HRE could be considered a revival of the Western Roman Empire, just as the Russian Federation could be considered a revival of the Russian Empire, in my eyes.
I was going to make a comment joking about how the answer is clearly Germany because of the HRE -> Confederation of the Rhine -> North German Confederation -> Germany succession, but it’s less funny when there’s people in thread actually claiming that the HRE was a successor of the Roman Empire.
It used the Roman language, practiced the Roman religion, and was considered to be Roman by the people who lived in and around it. That doesn’t mean it has to be a successor state, but I could see an interpretation of the terms “successor state” and of historical analysis at the time to determine that maybe it was.
All those statements have big asterisks attached though.
The vernacular was not a Roman language in most of the HRE. Most of the common people did not speak Latin-derived languages, and essentially none of them actually knew Latin.

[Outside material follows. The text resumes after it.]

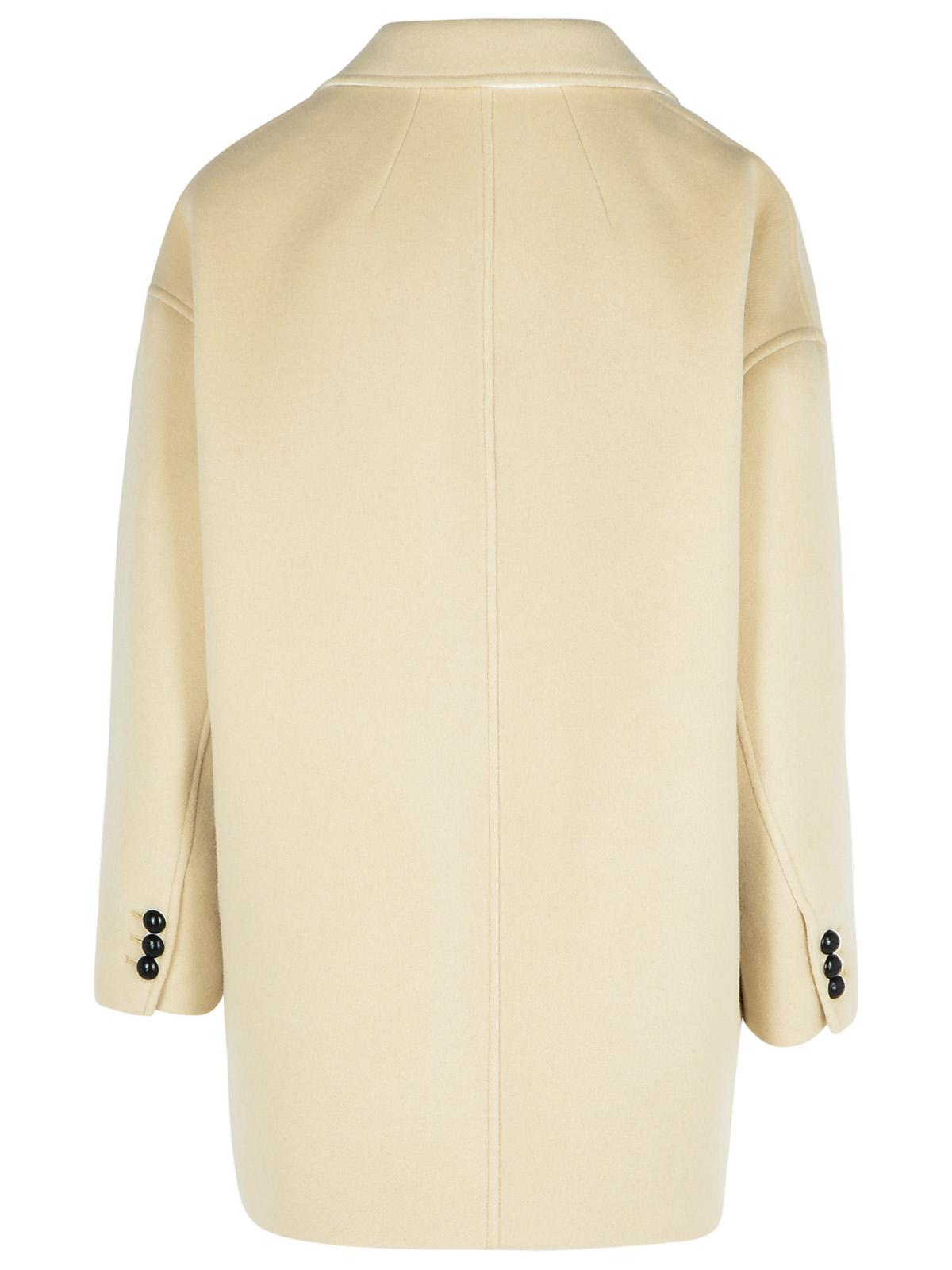 Isabel Marant 'Campbelle' Beige Virgin Wool Blend Coat Women ISABEL MARANT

The Church used it, and laws and literature were typically written in Latin, but that was the case in all of Western Europe at that time. Writing in the vernacular was pretty uncommon until the early modern period, if I remember correctly.
The did practice Catholicism, but again, that wasn't unique to them. At the founding of the HRE they weren’t the only Catholic nation in Western Europe, let alone Europe as a whole. You also have to consider that by the end of the HRE’s existence a significant portion of it was Protestant.
When it comes to recognition, again, there’s a lot to be debated. Their claim was far from universally accepted even at the time, but that’s an issue I won’t pretend to know much about (maybe one of our more historically-knowledgeable posters could weigh in on this one).
I suppose one could interpret the term “successor state” widely enough to include the HRE as a successor state to the Roman Empire, but at that point the term is so general that it’s almost useless. They’re two very different states at the end of the day. I think the whole question is a silly one. Rome has no successor. It’s gone. A lot of their innovations and culture live on in various ways, but the Roman state has been completely dead for centuries.